Right on cue, she creeps into your bed, too afraid to sleep in her own. Other times, she doesn’t want to sleep in her room to begin with, and puts up a fight come bedtime. Even though you’re long past the infant stage, you’re left wondering whether you’ll ever get a solid night of sleep again.
How to help your toddler stay in bed
Rest assured, friend, you’re not alone.
My toddler also wanted nothing to do with sleeping in his room, much less his bed. He’d cry once I closed the door to leave, and I’d wonder if this would ever end. Would I always have to sleep on the floor next to his bed every night from now on?
It was in those moments when I knew something had to change. That he had to learn not only to sleep in his bed, but to feel calm and confident in doing so. If anything, I focused on changing how I responded to his behavior rather than trying to change it.
Thankfully, it worked. He went from frantically pounding on the door to happily sleeping in his own bed.
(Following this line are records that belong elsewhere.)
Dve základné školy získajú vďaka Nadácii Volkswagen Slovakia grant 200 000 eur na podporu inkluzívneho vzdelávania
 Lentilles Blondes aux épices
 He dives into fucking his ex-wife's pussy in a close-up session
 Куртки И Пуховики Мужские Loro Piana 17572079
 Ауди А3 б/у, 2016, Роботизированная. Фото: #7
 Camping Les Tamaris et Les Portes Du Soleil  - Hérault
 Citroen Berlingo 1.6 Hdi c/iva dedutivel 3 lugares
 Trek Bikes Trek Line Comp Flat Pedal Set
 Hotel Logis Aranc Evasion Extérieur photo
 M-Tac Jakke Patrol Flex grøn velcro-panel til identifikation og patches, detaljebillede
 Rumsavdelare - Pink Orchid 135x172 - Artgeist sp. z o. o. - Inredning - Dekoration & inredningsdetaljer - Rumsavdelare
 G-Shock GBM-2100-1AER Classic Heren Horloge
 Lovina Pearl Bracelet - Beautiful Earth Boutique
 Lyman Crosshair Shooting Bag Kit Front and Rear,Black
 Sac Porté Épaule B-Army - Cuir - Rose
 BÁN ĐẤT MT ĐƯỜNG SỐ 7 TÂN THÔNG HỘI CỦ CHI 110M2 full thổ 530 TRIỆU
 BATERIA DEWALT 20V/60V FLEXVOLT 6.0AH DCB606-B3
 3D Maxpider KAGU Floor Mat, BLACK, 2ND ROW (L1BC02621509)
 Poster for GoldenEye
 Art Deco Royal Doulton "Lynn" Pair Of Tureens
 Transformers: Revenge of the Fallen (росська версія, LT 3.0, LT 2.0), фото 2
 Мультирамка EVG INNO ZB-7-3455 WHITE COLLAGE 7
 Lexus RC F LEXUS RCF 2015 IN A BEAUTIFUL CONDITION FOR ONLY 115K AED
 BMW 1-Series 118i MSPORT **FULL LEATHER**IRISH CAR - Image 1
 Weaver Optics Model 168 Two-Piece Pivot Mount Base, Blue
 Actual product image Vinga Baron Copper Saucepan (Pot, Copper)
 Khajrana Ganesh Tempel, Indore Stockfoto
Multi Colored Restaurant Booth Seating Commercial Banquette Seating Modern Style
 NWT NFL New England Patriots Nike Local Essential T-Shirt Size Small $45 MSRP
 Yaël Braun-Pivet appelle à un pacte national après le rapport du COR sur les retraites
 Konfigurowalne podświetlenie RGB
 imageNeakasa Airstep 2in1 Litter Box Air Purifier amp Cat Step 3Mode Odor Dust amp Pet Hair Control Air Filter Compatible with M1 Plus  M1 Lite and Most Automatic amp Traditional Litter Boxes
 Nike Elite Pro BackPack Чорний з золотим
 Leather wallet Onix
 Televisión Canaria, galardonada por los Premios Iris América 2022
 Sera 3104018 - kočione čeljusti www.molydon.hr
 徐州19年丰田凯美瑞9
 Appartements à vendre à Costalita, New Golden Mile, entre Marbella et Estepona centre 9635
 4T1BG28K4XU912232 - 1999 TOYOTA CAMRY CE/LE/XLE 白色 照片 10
And as you’ll see, it’s not just a matter of “forcing” this sleeping arrangement on him, but learning the cause of his behavior to begin with.
Take a look at several strategies you can try to help your toddler stay in bed:
1. Tame your toddler’s fears
Kids may not want to sleep in their rooms because of fear that keeps them from feeling safe and comfortable.
Your toddler could be afraid of the dark, especially if it’s pitch black from darkening curtains. She could be leery of “monsters” lurking in the room, or unsure of being alone.
Address these nighttime fears while being sensitive to her feelings. For instance, install a night light or move plants around that might be casting scary shadows. Offer a special lovey or stuffed animal that she can sleep with.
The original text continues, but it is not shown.